As she said it, the air in front of them shimmered.

It was subtle.

A ripple across nothing, like heat over stone, gliding along the line of the ward anchors before fading.

Veldt went very still.

"That," he said, "is the Warden testing how much pain the wards can take."

Aiden's storm slammed against his ribs in immediate, furious answer.

The pup growled, fur standing on end, tiny teeth bared at empty air.

Aiden's hand dropped automatically to its back, fingers tangling in crackling fur.

Easy.

Easy.

For half a second, something large loomed in the mist beyond the ward ring.

Not a clear shape.

A suggestion.

Height. Width. Motion that didn't belong to wind.

Fog condensed briefly into the outline of an impossible limb, barely there, barely seen.

Lightning flickered under the water.

Not his.

The storm in him roared.

Something in the mist turned.

Looked at him.

Nellie gasped, grabbing the railing of the causeway. "There—it's—"

"Eyes down," Veldt snapped. "Do not meet it."

Aiden tried.

He really did.

But for one heartbeat, his gaze locked into the whiteness beyond the wardline.

And the Warden looked back.

The world narrowed to pressure and pulse.

No words this time.

No clear whisper like in the Hollow.

Just a weight on his bones, on his storm, on his marks.

The feeling of being measured.

Then—

A single impression, sliding under his thoughts like fog under a door:

Not ready.

The pressure lifted.

The mist sagged, shapes dissolving.

Lightning under the water dimmed back to faint echoes.

Aiden sucked in a breath that tasted like marsh and iron and relief and disappointment burned together.

"Did it—" he whispered.

"Yes," Nellie said, voice thin. "It found you."

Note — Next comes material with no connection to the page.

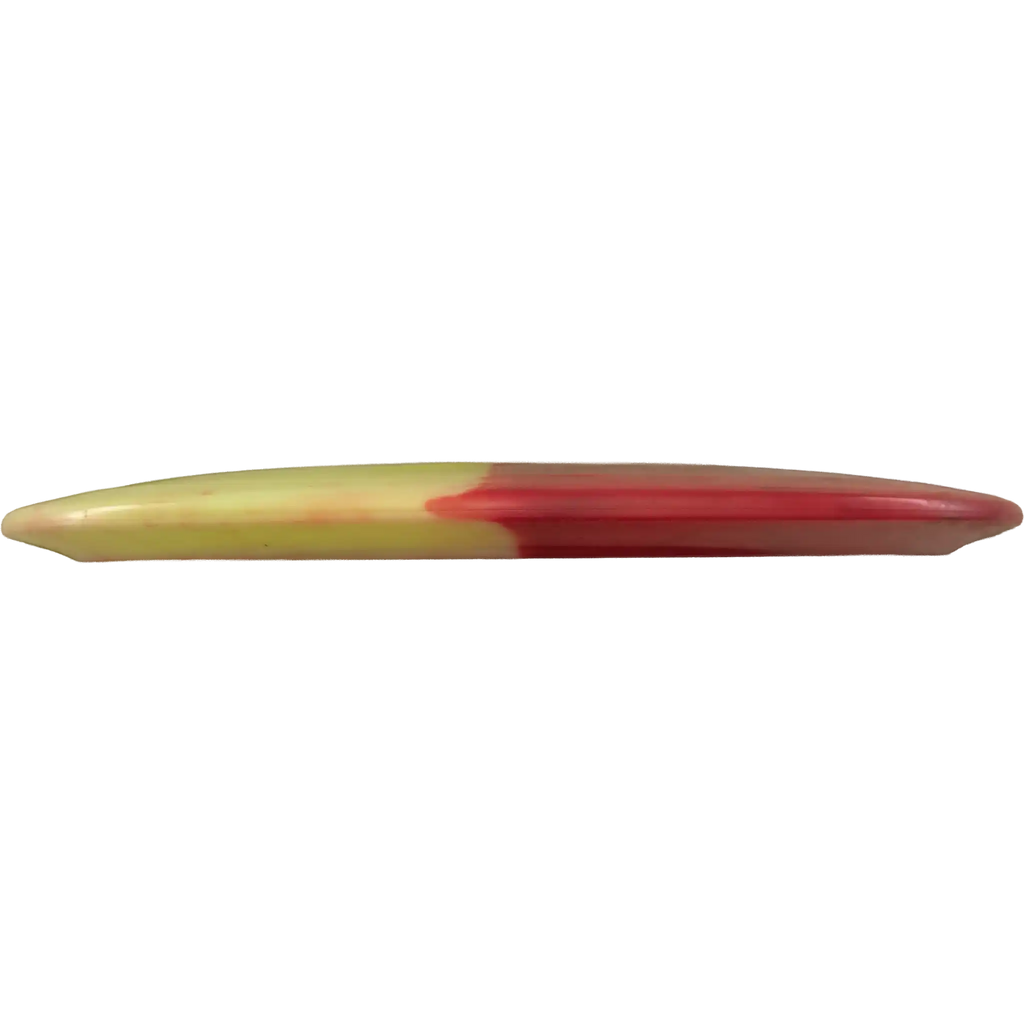 Lucid-X Orbit Maverick - Zach Melton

Myra's hand found his forearm, fingers firm. "And then it stopped. That's the important bit."

"Not entirely," Runa murmured.

She was staring past the ward anchors at the ground just beyond.

Aiden followed her gaze.

At first, he saw only more mud, more water, more reeds bending under the faint breeze.

Then the breeze shifted.

The mist moved.

And he saw it.

Something had carved a mark into the earth just beyond the wardline.

Not with a tool.

With weight.

Pressure.

Not deep—barely more than scraped mud and dragged reeds—but the shape was unmistakable.

A spiral.

A line.

A jagged, crooked bolt.

It looked disturbingly like the pattern that glows beneath his skin when his storm surged.

Nellie swallowed hard. "That wasn't here before," she whispered.

"Are you sure?" Meris asked.

"Yes," Nellie said. There was no hesitation in it. "I would have felt it. This… this is new. It's echo-threaded. Like someone took Aiden's mark and pressed it into the ground."

The pup whined, low and unhappy.

Aiden's throat went dry.

"It marked the marsh," he said.

"Or left you a message," Myra said quietly.

Veldt's jaw tightened.

"We're done here," he said. "We report. We don't linger near a Warden playing with symbols it should not know."

"But—" Aiden began.

Veldt cut him a look sharp enough to slice. "That is an order, Raikos."

The storm didn't like it.

But it listened.

Barely.

He tore his gaze from the mark.

As they turned back along the causeway, Aiden felt the weight of the Warden's attention recede—

—but not vanish.

In the distance, somewhere beyond the bruised pools and wounded trees, fog moved of its own will.

Watching.

Waiting.

The marsh wasn't just a place anymore.

It was a conversation.

And the next time the Warden spoke, he suspected it wouldn't be with scraped symbols in the mud.

It would be with something that bled.